Window

Edit this page

The window transform performs calculations over sorted groups of data objects. These calculations including ranking, lead/lag analysis, and aggregates such as running sums and averages. Calculated values are written back to the input data stream. If you only want to set the same aggregated value in a new field, you can use the simpler join aggregate transform.

Documentation Overview

Window Field Definition
Window Transform Definition
- Window Transform Field Definition
- Sort Field Definition
Window Only Operation Reference
Examples

Window Field Definition

// Any View Specification
{
  ...
  "transform": [
    {
      // Window Transform
      "window": [{
          "op": ...,
          "field": ...,
          "param": ...,
          "as": ...
      }],
      "sort": [
        {"field": ..., "order": ...}
      ],
      "ignorePeers": ...,
      "groupby": [
        "..."
      ],
      "frame": [...,...]
    }
     ...
  ],
  ...
}

Window Transform Definition

Property	Type	Description
window	WindowFieldDef[]	*Required.* The definition of the fields in the window, and what calculations to use.
frame	(Null \| Number)[]	A frame specification as a two-element array indicating how the sliding window should proceed. The array entries should either be a number indicating the offset from the current data object, or null to indicate unbounded rows preceding or following the current data object. The default value is `[null, 0]`, indicating that the sliding window includes the current object and all preceding objects. The value `[-5, 5]` indicates that the window should include five objects preceding and five objects following the current object. Finally, `[null, null]` indicates that the window frame should always include all data objects. If you this frame and want to assign the same value to add objects, you can use the simpler join aggregate transform. The only operators affected are the aggregation operations and the `first_value`, `last_value`, and `nth_value` window operations. The other window operations are not affected by this. Default value:: `[null, 0]` (includes the current object and all preceding objects)
ignorePeers	Boolean	Indicates if the sliding window frame should ignore peer values (data that are considered identical by the sort criteria).

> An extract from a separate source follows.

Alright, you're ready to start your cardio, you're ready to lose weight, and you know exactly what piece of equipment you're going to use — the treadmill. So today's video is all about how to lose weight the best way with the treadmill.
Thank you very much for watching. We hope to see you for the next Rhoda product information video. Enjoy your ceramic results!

The default is false, causing the window frame to expand to include all peer values. If set to true, the window frame will be defined by offset values only. This setting only affects those operations that depend on the window frame, namely aggregation operations and the first_value, last_value, and nth_value window operations. Default value: `false`
groupby	String[]	The data fields for partitioning the data objects into separate windows. If unspecified, all data points will be in a single window.
sort	SortField[]	A sort field definition for sorting data objects within a window. If two data objects are considered equal by the comparator, they are considered “peer” values of equal rank. If sort is not specified, the order is undefined: data objects are processed in the order they are observed and none are considered peers (the ignorePeers parameter is ignored and treated as if set to `true`).

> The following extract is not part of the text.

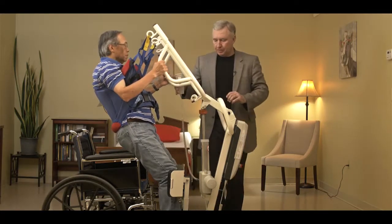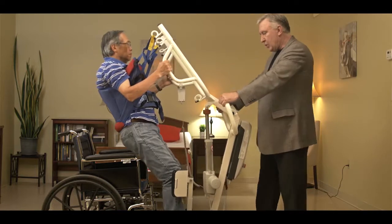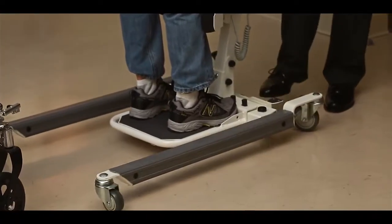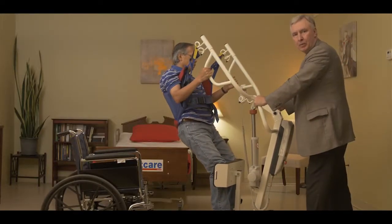Once we're in a comfortable position, unlock the casters, take the lift away from the wheelchair, close the base, and now transfer the patient to another seated position.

Window Transform Field Definition

Property	Type	Description
op	String \| String	*Required.* The window or aggregation operation to apply within a window (e.g., `"rank"`, `"lead"`, `"sum"`, `"average"` or `"count"`). See the list of all supported operations here.
param	Number	Parameter values for the window functions. Parameter values can be omitted for operations that do not accept a parameter. See the list of all supported operations and their parameters here.
field	String	The data field for which to compute the aggregate or window function. This can be omitted for window functions that do not operate over a field such as `"count"`, `"rank"`, `"dense_rank"`.
as	String	*Required.* The output name for the window operation.

Sort Field Definition

Property	Type	Description
field	String	*Required.* The name of the field to sort.
order	String \| Null	Whether to sort the field in ascending or descending order. One of `"ascending"` (default), `"descending"`, or `null` (do not sort).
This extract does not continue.